Value Exchange International, Inc.
Unit 602, Block B, 6 Floor, Shatin Industrial Centre
5-7 Yuen Shun Circuit, Shatin, N.T., Hong Kong SAR
Telephone: (852) 29504288
VIA EDGAR - CONFIDENTIAL SUBMISSION - CORRESPONDENCE
March 3, 2023
Taylor Beech, Attorney
Office of Trade and Services
Division of Corporation Finance
U.S. Securities and Exchange Commission
100 F Street, N.E.
Washington, D.C. 20549
Re: Value Exchange International, Inc.
Form 10-K for the Year Ended December 31, 2021
Correspondence Received February 23, 2023
SEC File No. 000-53537
Dear Ms. Beech:
Below are the responses of Value Exchange International, Inc. (“Company”) to the Comment Letter by the SEC Staff (“Staff”), dated 23 February 2023, received by the Company on 23 February 2023, (the “Comment Letter”) regarding the Company’s Form 10-K for the fiscal year ended December 31, 2021, as amended by Form 10-K/A Amendment Number One (filed May 17, 2022) and Form 10-K/A Amendment Number Two (filed September 15, 2022).

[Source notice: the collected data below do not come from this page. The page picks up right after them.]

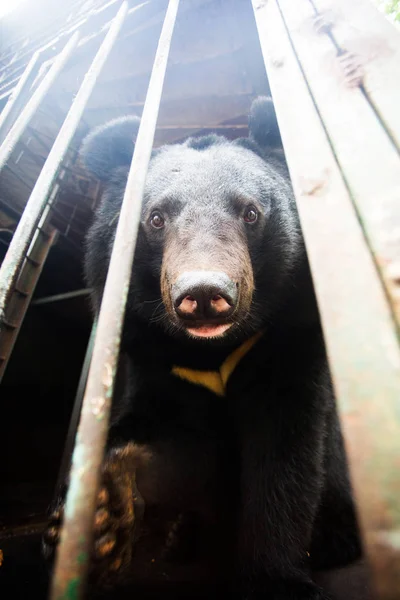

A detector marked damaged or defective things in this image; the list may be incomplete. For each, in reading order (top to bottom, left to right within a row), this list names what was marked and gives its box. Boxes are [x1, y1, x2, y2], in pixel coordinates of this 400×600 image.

rusty metal bar [0, 51, 40, 145]
rusty metal bar [0, 34, 79, 172]
rusty metal bar [0, 3, 128, 328]
rusty metal bar [49, 1, 180, 596]
rusty metal bar [252, 1, 400, 600]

Each comment of the SEC Staff in the Comment Letter is set forth below and is followed by the Company’s corresponding response. For ease of reference, the headings and numbered paragraphs below correspond to the headings and numbered comments in the Comment Letter.
Correspondence Filed December 30, 2022
Appendix 1/2/3
Dividends and Other Distributions, page 5
SEC Comment 1. We note your revised disclosure in response to comment 1 that the Company declared and paid a one-time cash dividend of $0.005 per share of Common Stock in 2021. Please further revise to quantify the aggregate amount of the dividend declared in 2021.
Company Response: Company respectfully acknowledges the Staff’s comments and advises the Staff that the Company will revise its disclosures in future Annual Reports on Form 10-K and, if and as appropriate, in future Quarterly Reports on Form 10-Q, to make the requested disclosures in SEC Comment #1 above. Company undertakes to update this disclosure to read:
The Company declared and paid a one-time dividend of $0.005 per shares of Common Stock in 2021, which in the aggregate amount was $169,291.
Correspondence Filed December 30, 2022
Appendix 1/2/3
Dividends and Other Distributions, page 5
SEC Comment - 2. We note your proposed disclosure in response to comment 2 and reissue our comment. Please amend your disclosure here to state that, to the extent cash in the business is in the PRC/Hong Kong or a PRC/Hong Kong entity, the funds may not be available to fund operations or for other use outside of the PRC/Hong Kong due to interventions in or the imposition of restrictions and limitations on the ability of you or your subsidiaries by the PRC government to transfer cash. The disclosure should state that there is no assurance the PRC government will not intervene in or impose restrictions on the ability of you or your subsidiaries to transfer cash. Include comparable disclosure in the summary risk factors and risk factors sections and provide cross-references to these other discussions in this section.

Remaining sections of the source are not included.